744.4
No Tyson in Tongie! Race, Class, and the Fight for Quality of Life in Kansas

Wednesday, 18 July 2018: 09:06
Location: 703 (MTCC SOUTH BUILDING)
Oral Presentation
Daniel ALVORD, University of Kansas, USA
Cecilia MENJIVAR, University of Kansas, USA
Walter NICHOLLS, University of California, Irvine, USA
In September 2017, Tyson Foods, Inc. announced plans to build a new chicken processing plant in the small, eastern Kansas town of Tonganoxie. Within just two weeks of the announcement, however, the town had effectively mobilized to prevent the plant from being built. This paper examines the mobilization and framing of the “No Tyson in Tongie” protest to understand why and how the town rejected the meat processing plant. Drawing on content analysis and qualitative interviews, this paper analyzes the meanings that residents and movement organizers attached to the anti-Tyson movement. We argue that plant jobs and immigrant labor have been so closely associated that the anti-Tyson movement effectively mobilized fears of how immigrant newcomers might change the town if the plant were built. Specifically, the town mobilized a two-pronged effort to establish and maintain social distance from immigrants. First, town residents mobilized against the kinds of jobs associated with immigrants that would be brought to the town. The anti-Tyson movement pushed back against the association of their town with low-income immigrant jobs. And second, the town mobilized against the immigrants themselves that would come to the town. Residents effectively mobilized narratives about threats to quality of life in the town and channeled fears of over-burdened infrastructure and institutions to assert that the town would not be better off because of the plant. This research furthers our understanding of contemporary conservative populist movements.

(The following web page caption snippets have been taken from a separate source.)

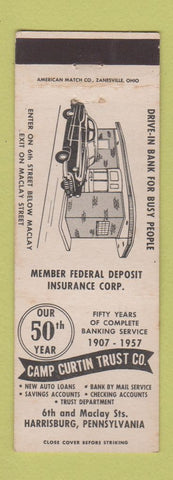 Matchbook Cover - Camp Curtin Trust Harrisburg PA bank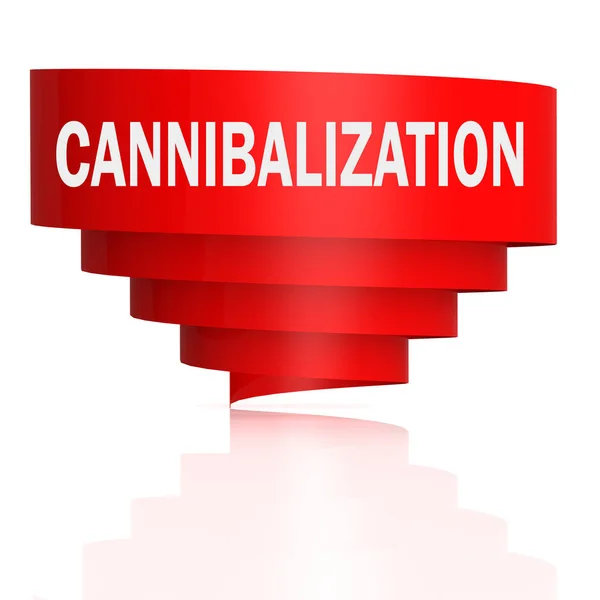 Kannibalisatie Woord Met Rode Curve Banner Rendering — Stockfoto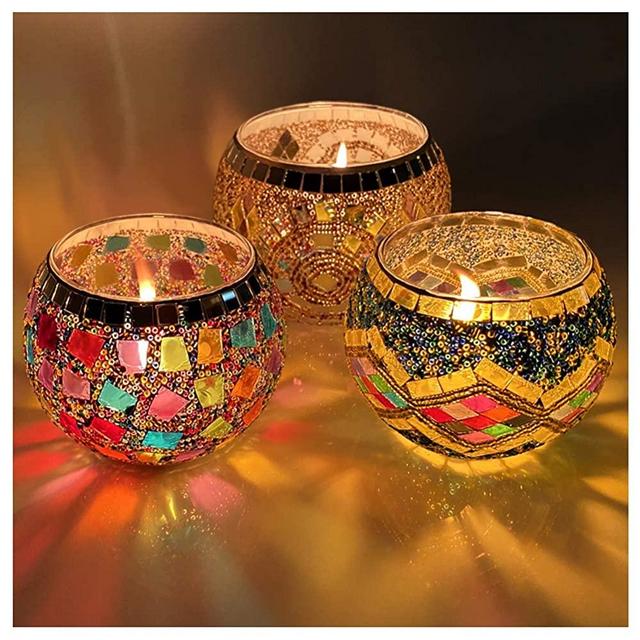 IIQ Glass Votive Candle Holders, LED Candle Lamps Holder for Votive Candles and Tealight Set of 3, Bowl Tea Night Light Holders Handmade Artwork Gifts for Home Decor/Party Decorations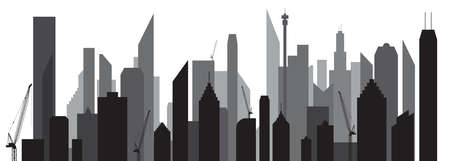 Cityscape black and white skyline with building cranes, flat vector illustration designのイラスト素材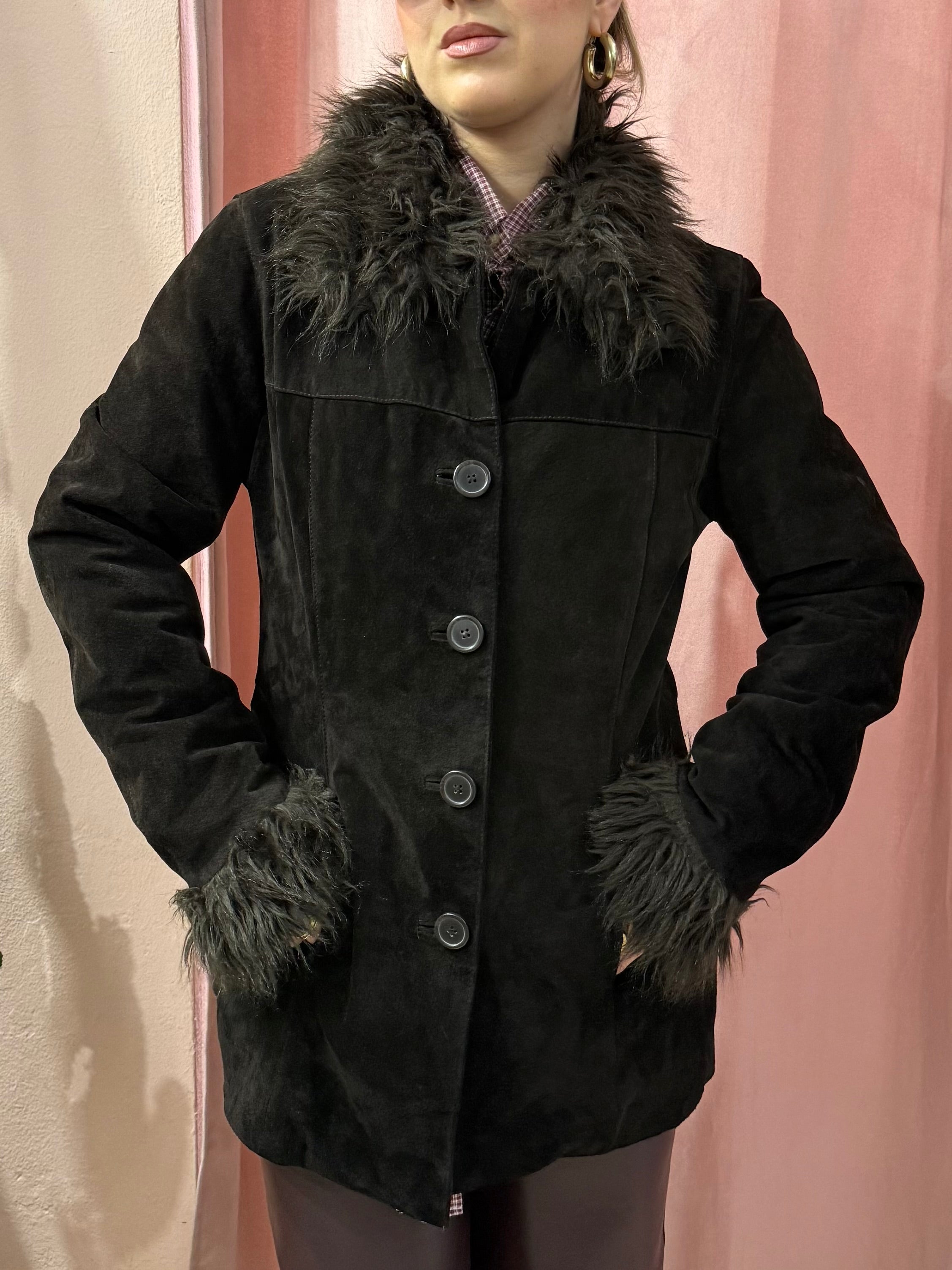 Giacca in vera pelle moro con pelo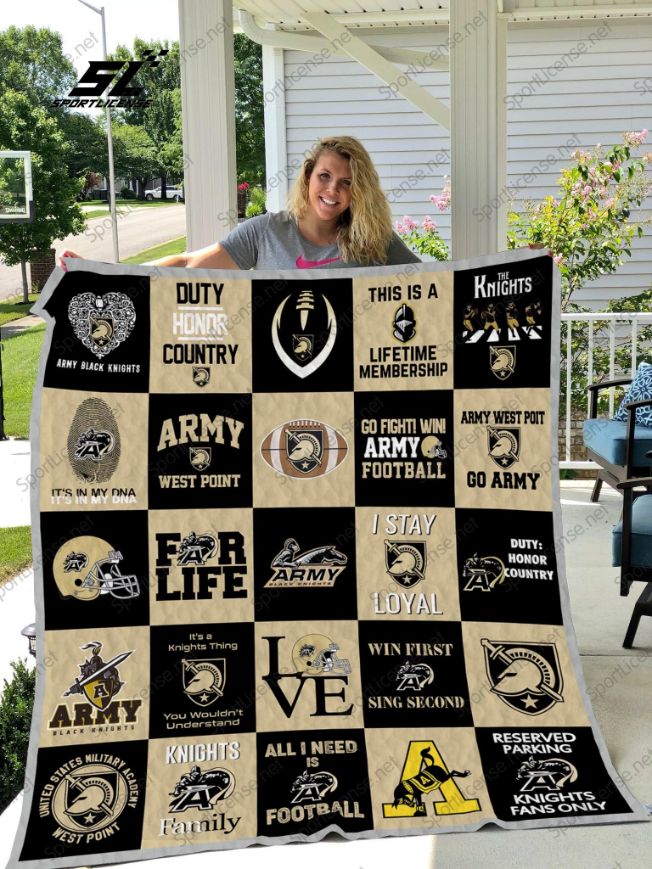 Army Black Knights Blonde Black Quilt Blanket with Cute Bed Set for Guys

Populist leaders have vowed to bring jobs – particularly factory jobs – to rural, white, working-class communities. While Tonganoxie largely fits this description, our case suggests that residents of those communities judge the worth of those jobs by who would benefit. Jobs that are stigmatized by their close association with immigrant labor are rejected as being undesirable for locals and harmful for the community.